Learning how to play with GarageBand is far different from 'using' GarageBand.

I don't know the depth of the lessons available through GB but it is, at least, a good start. All you need is your Mac and a guitar and you're good to go.

Good luck.


----------



## darkscot (Nov 13, 2003)

Macified said:


> Learning how to play with GarageBand is far different from 'using' GarageBand.
> 
> I don't know the depth of the lessons available through GB but it is, at least, a good start. All you need is your Mac and a guitar and you're good to go.
> 
> Good luck.


Does it help to plugin a guitar to my MBP for learning on GarageBand?


----------



## Funkynassau (Apr 13, 2008)

Probably it would, give it a try!


----------



## darkscot (Nov 13, 2003)

Funkynassau said:


> Probably it would, give it a try!


Haven't bought a guitar yet so there's the next step. I've seen another thread on guitar makes, and will reread them. So an acoustic that could plug into Garageband should be fine. I will of course also try out the link you sent Funkynassau  thanks


----------



## Funkynassau (Apr 13, 2008)

There's a ton of websites devoted to learning guitar so do some googling. You could buy a copy of Acoustic Guitar magazine and learn some stuff there plus get ideas on what type of guitar to buy, what to look for and what to avoid. There's way more to learn than I ever imagined!

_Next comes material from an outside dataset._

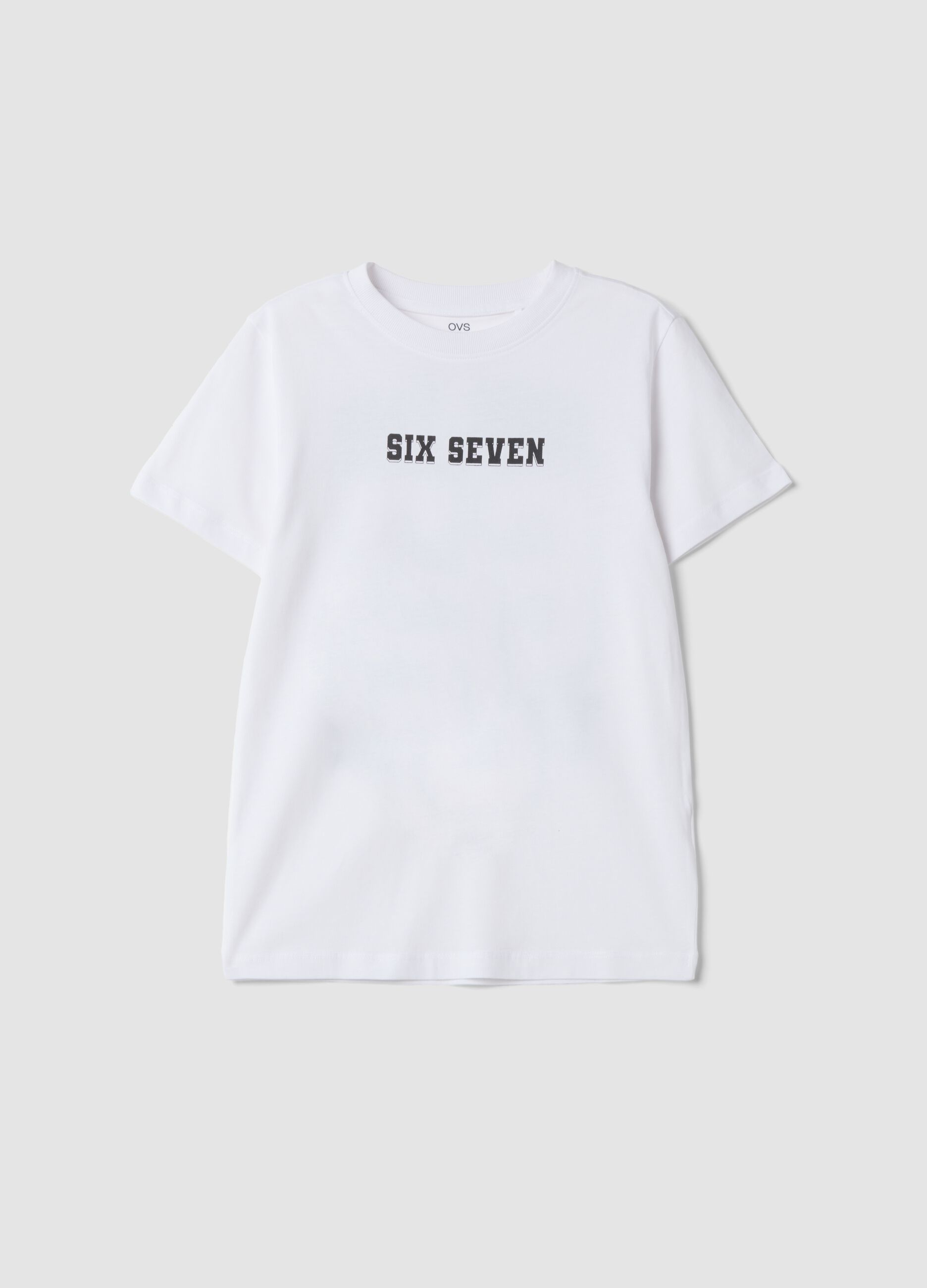 White pure cotton T-shirt with Six Seven prints, regular fit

I have an acoustic and an electric. I am left handed and my gear is lefty too. My husband bought the acoustic for me and his musician friends convinced him I simply had to have a lefty because I am a lefty. So that's what I got. Not knowing any better, that's what I stuck with. I figured it out that I have limited myself in so many ways, I cant play other people's guitars nor can they play mine. Music stores dont have hardly any lefties if you go to buy one...ah well, I am not going to change now.

Hope you are a righty! 
Funkynassau


----------



## Macified (Sep 18, 2003)

darkscot said:


> Does it help to plugin a guitar to my MBP for learning on GarageBand?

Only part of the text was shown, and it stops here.